*** Opening of Data excerpts ***
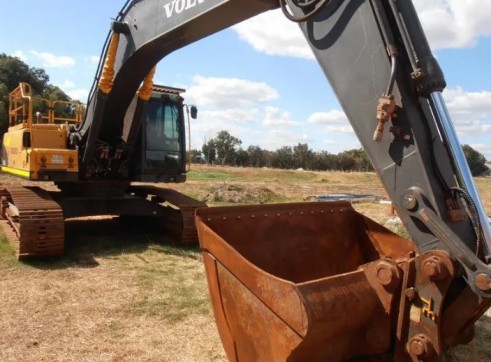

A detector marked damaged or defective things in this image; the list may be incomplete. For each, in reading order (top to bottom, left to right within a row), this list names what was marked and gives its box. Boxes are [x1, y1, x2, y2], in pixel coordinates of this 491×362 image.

rusty steel bucket [194, 202, 418, 360]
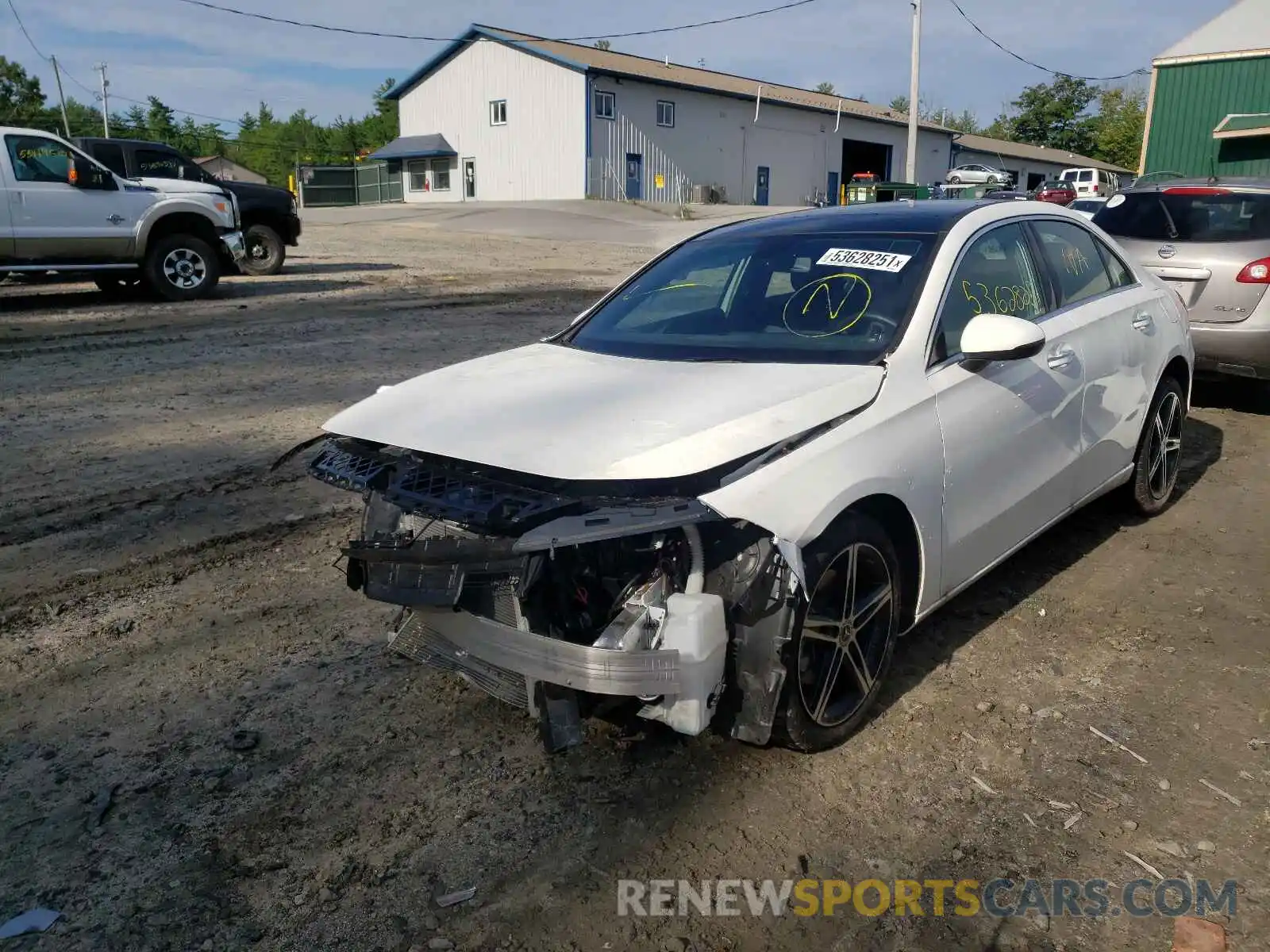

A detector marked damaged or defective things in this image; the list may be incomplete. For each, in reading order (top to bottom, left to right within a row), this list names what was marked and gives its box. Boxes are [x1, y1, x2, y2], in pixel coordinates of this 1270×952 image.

damaged front end [308, 439, 797, 751]
crumpled hood [322, 343, 889, 479]
white damaged sedan [305, 199, 1188, 751]
car's cracked windshield [561, 231, 940, 365]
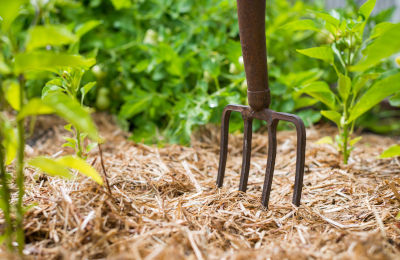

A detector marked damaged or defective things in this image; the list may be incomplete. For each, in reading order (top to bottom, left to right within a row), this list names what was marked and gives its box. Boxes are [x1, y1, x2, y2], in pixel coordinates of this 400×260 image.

rusty metal fork head [216, 0, 306, 208]
rust on metal [216, 0, 306, 208]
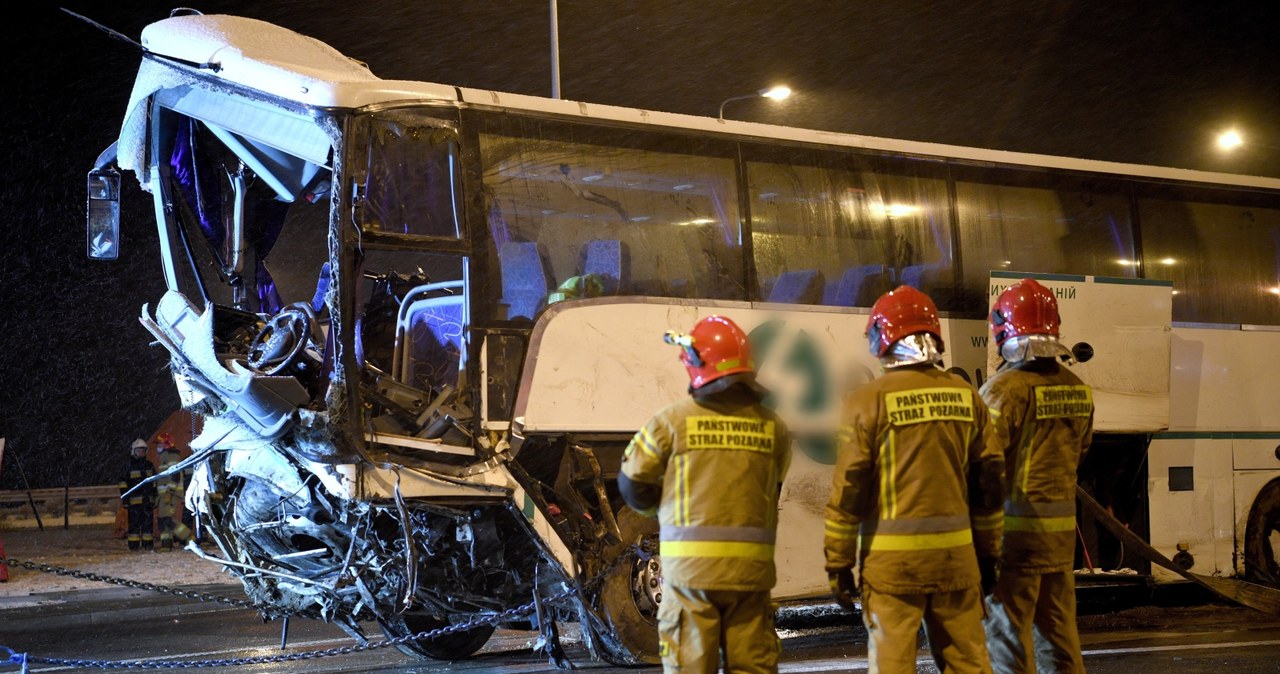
*** Close of Data excerpts ***
→ **Work request**
The lines wanted run from the line containing "this 400×260 image." through the end of the entries; return them exactly, both ends included, and keep pictures out.

→ **Task output**
A detector marked damaged or defective things in this image; the list may be incomplete. For each, in reading order (top to bottom, left to right within a row), this list names what was marked and gives its box. Boxes are [x1, y1, x2, y2], in pixel coordinates of this 400×260 image.

rusty metal fork head [216, 0, 306, 208]
rust on metal [216, 0, 306, 208]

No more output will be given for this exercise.